In-story information
- Species: Sentient universe
- Notable aliases: Neh-Buh-Loh Qwewq

= Nebula Man =

Nebula Man is a character in DC Comics. He first appeared in Justice League of America #100–101 (1972).

Originally a villain responsible for the disappearance of the Seven Soldiers of Victory, he has since reappeared as Neh-Buh-Loh, the primary antagonist in the 2005–2006 series Seven Soldiers by Grant Morrison. Prior to this reappearance, Morrison built up the character's backstory, starting in 1997 with more extensive appearances in JLA: Classified (2005).

==Fictional character biography==
Nebula Man first appears in Justice League of America #100, described as a cosmic being "whose touch has the power of 20 atomic bombs". He was supposedly created by a villain known as the Hand to defeat the original Seven Soldiers of Victory. Nebula Man scatters the Soldiers through time, a fate from which they are saved by the Justice League and Justice Society. The Nebula Man is defeated when the sidekick of the Crimson Avenger, Wing, sacrifices himself to deliver the final blow with a cosmic device.

In the storyline "Rock of Ages", Metron sends the Flash, Aquaman, and Green Lantern through time and space, with the three landing on Wonderworld. During a tour of Wonderworld's Omnitropolis and its museum district by Mote, the three are shown a growing larval universe called Qwewq.

Nebula Man appears once more in Stars and S.T.R.I.P.E., before reappearing in JLA: Classified #1–3, working with Gorilla Grodd and announcing the end of the world. At the same time, the Justice League are in the universe of Qwewq, unaware that it is Nebula Man's larval form.

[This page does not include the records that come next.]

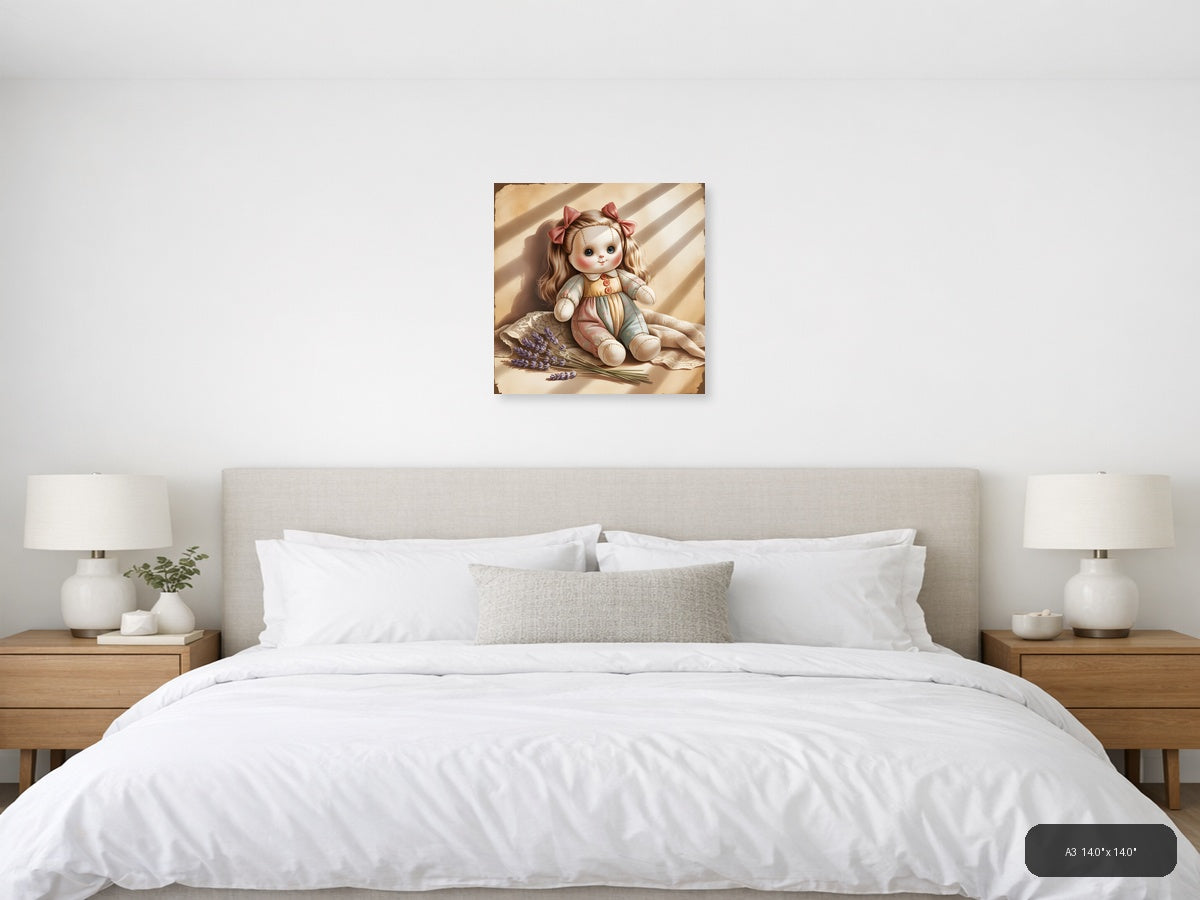 Vintage Rag Doll with Lavender - Cottage Core Wall Art — A3 / Bedroom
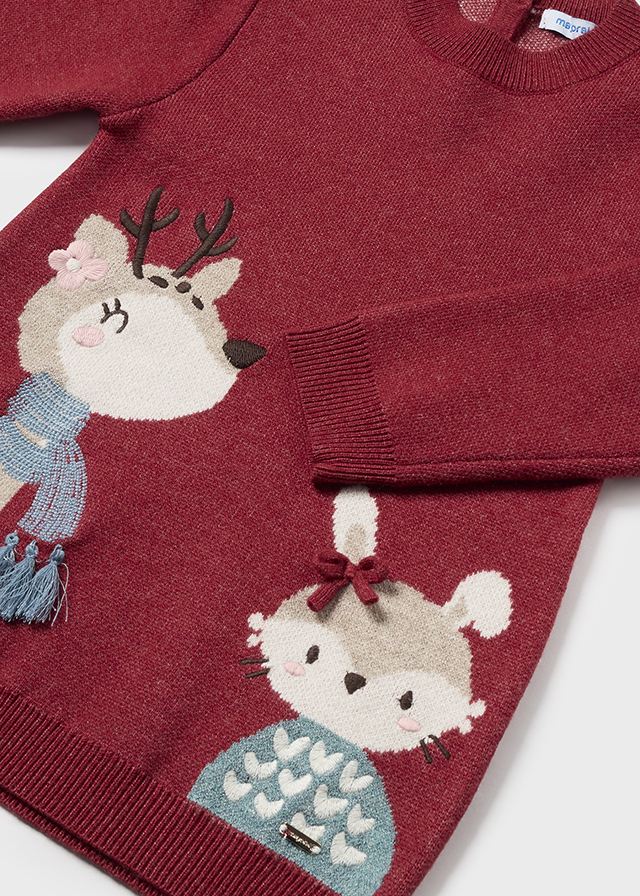 Reindeer Knit Dress - Tomato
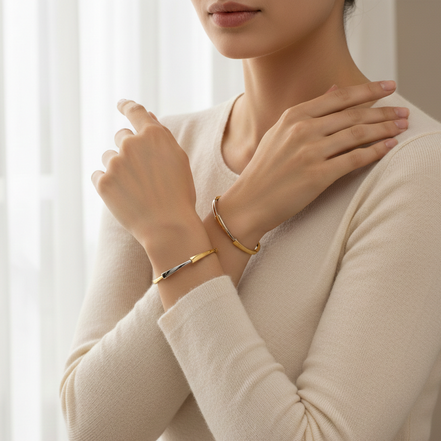 Linea Royale Two-Tone 925 Silver Bangle Pair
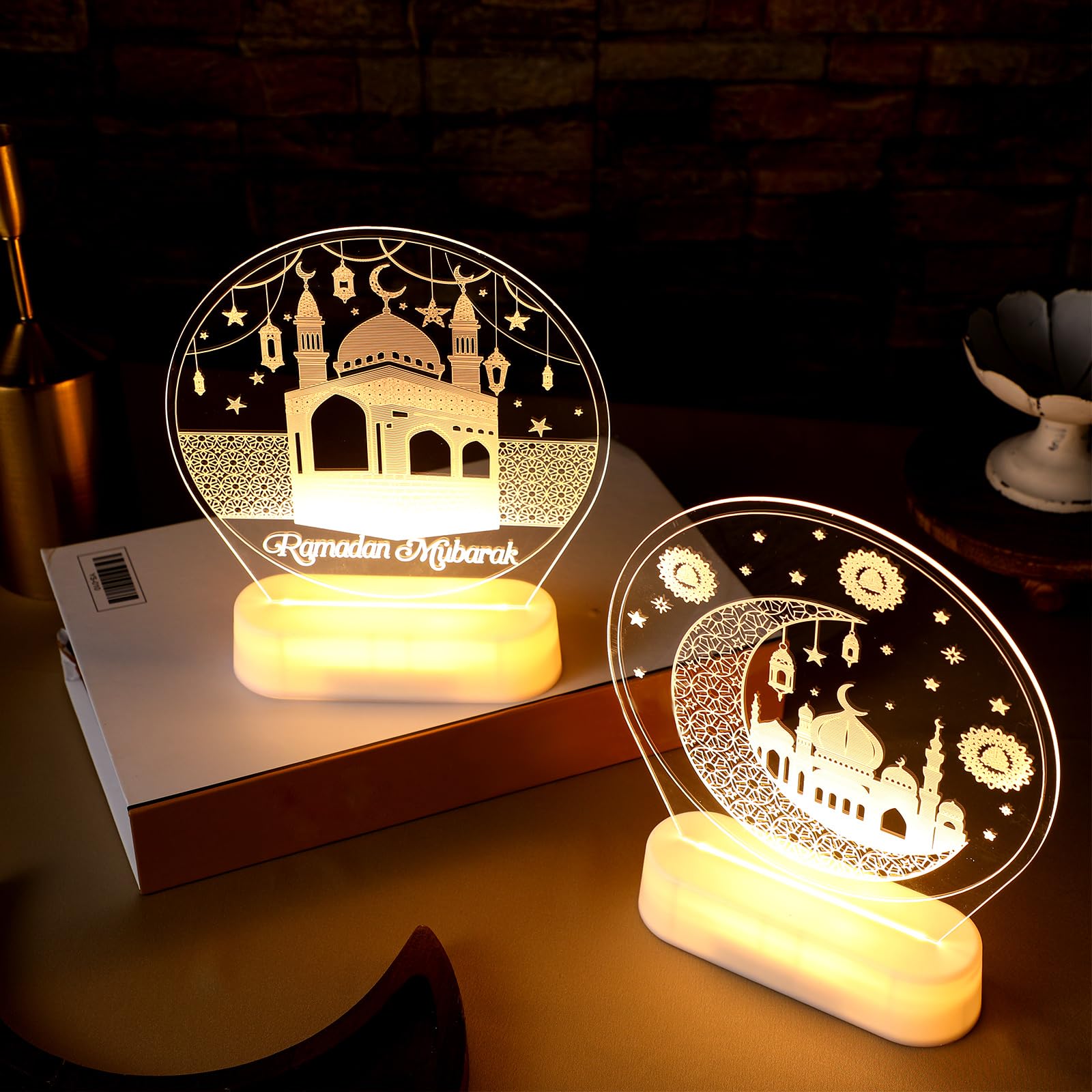 Ramadan Kareem & Eid Mubarak Decoraciones 4 piezas de portavelas de Ramadán de oro árabe – Portavelas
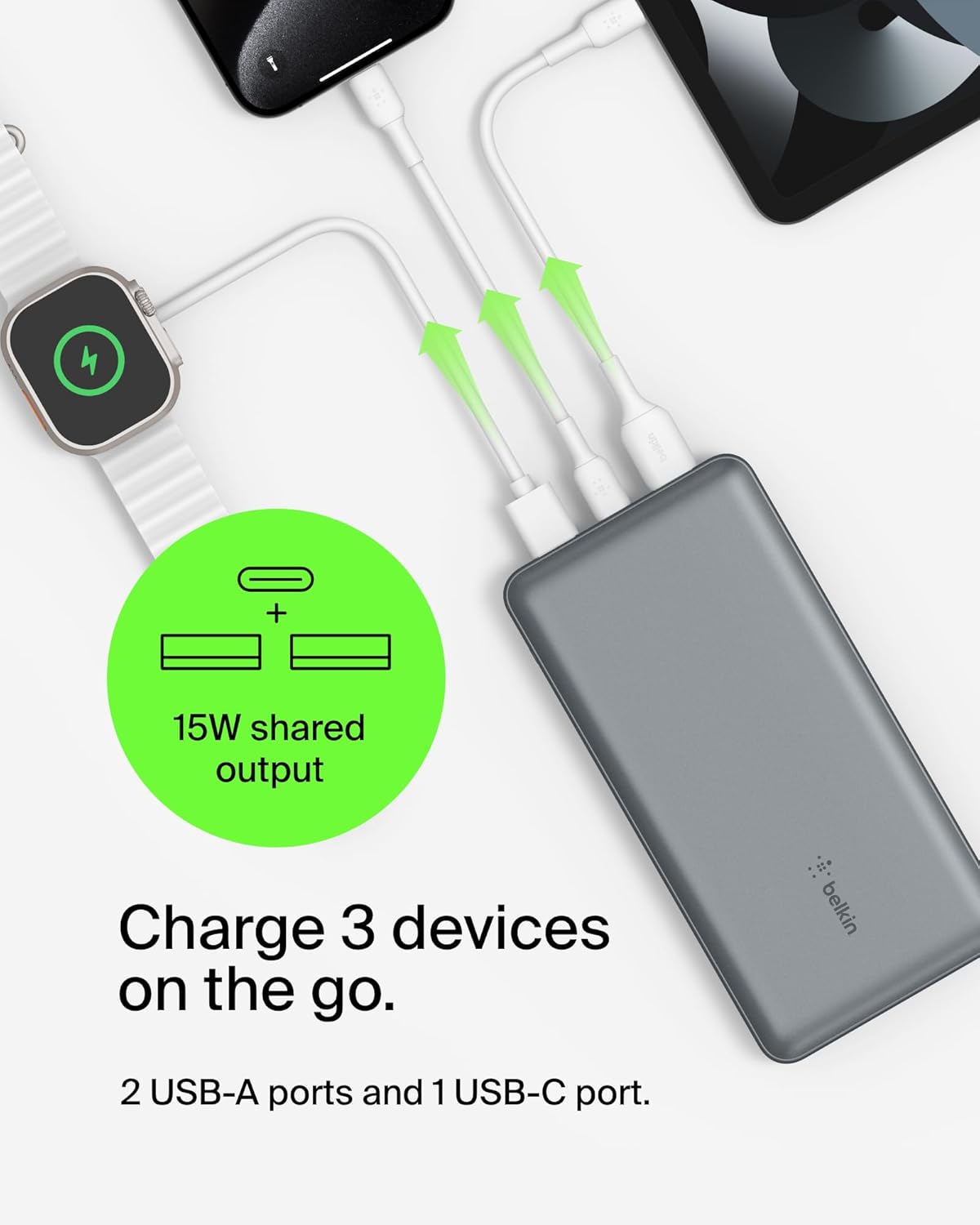 Повербанк Belkin 20000мАч, 15Вт, 2хUSB-A/USB-C (BPB012BTGY) інструкція - зображення 6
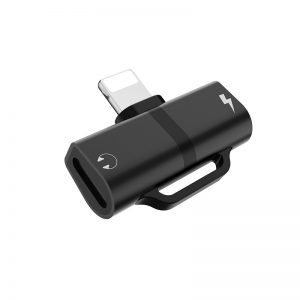 Hoco LS20 2in1 lightning rozdzielacz (lightning audio+lightning ładowarka port), czarny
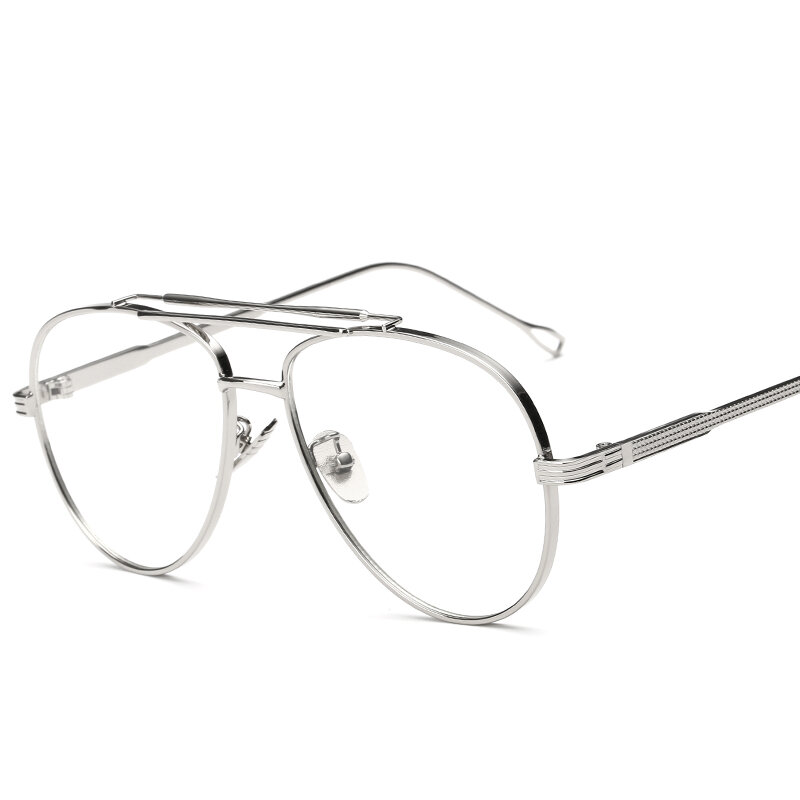 Peekaboo-monturas de gafas para hombre y mujer, lentes transparentes doradas, planas, retro, de diseñador
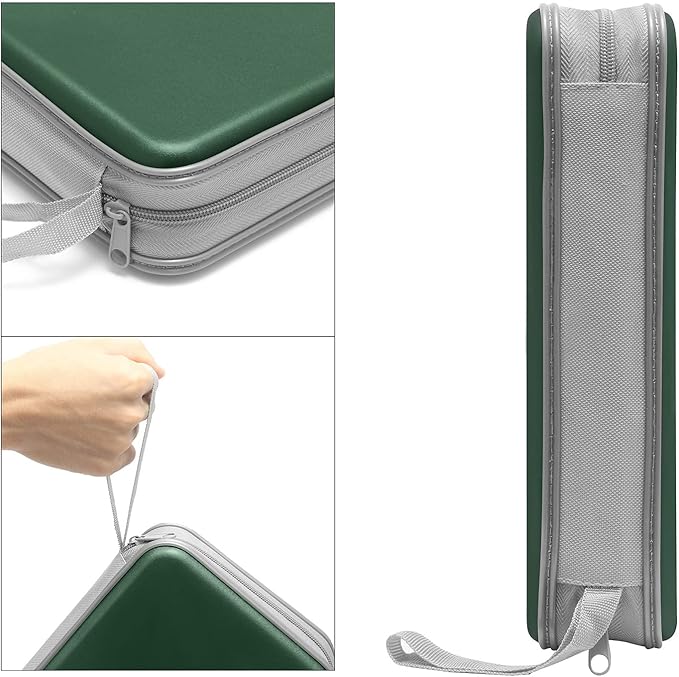 CD/DVD Case Holder, 80 Capacity Hard Plastic Disc Cases Storage Binder for Car, Home, Office, Travel (Dark Green)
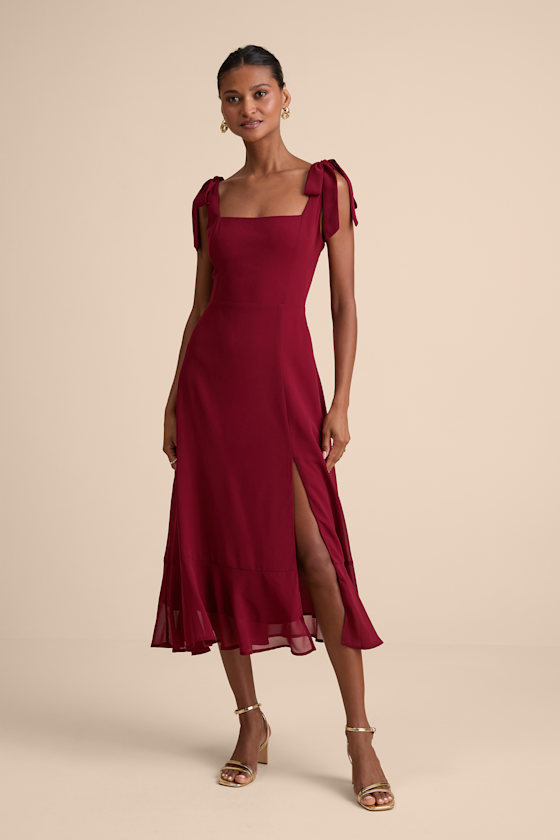 Image of Summer Invite Wine Red Tie-Strap Tiered Midi Dress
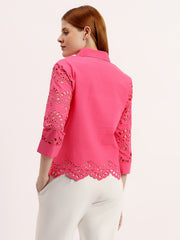 Pink Schiffli Embroidered Cotton Top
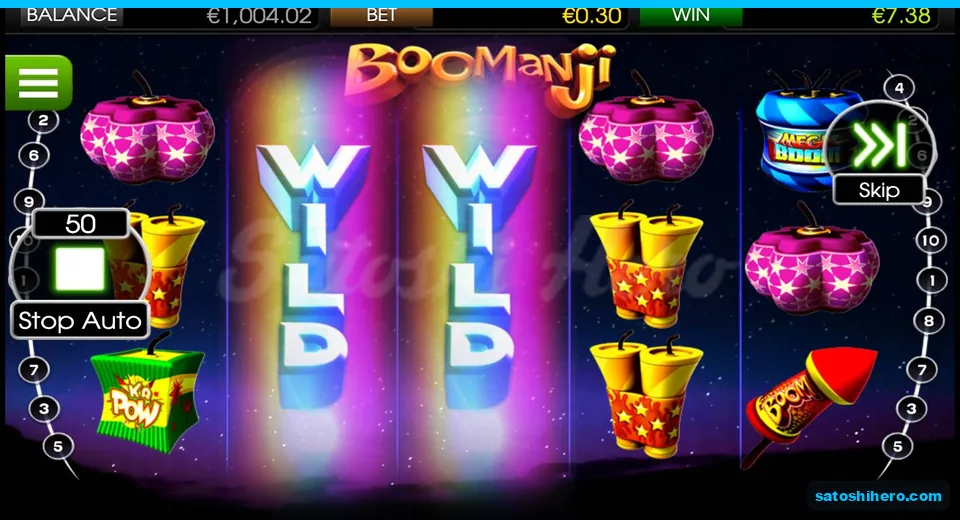 $7.38 win displayed with expanded wilds on reels 2 and 3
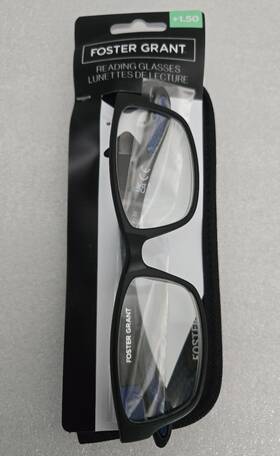 17-143 Foster Grant 193033548462 Reading Glasses 1.50 Scooter 53 Black/blue With Soft Case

In the Seven Soldiers series, Nebula Man is revealed to be an ally of the Sheeda, a humanoid species from one billion years in the future. He serves as the personal huntsman of Sheeda queen Gloriana Tenebrae. Nebula Man is killed by Frankenstein, who exploits a flaw placed in him as an infant by the Ultramarine Corps.

==Other versions==
In All-Star Superman #10, Superman uses the infant universe of Qwewq to create an Earth without a Superman that he dubs Earth Q.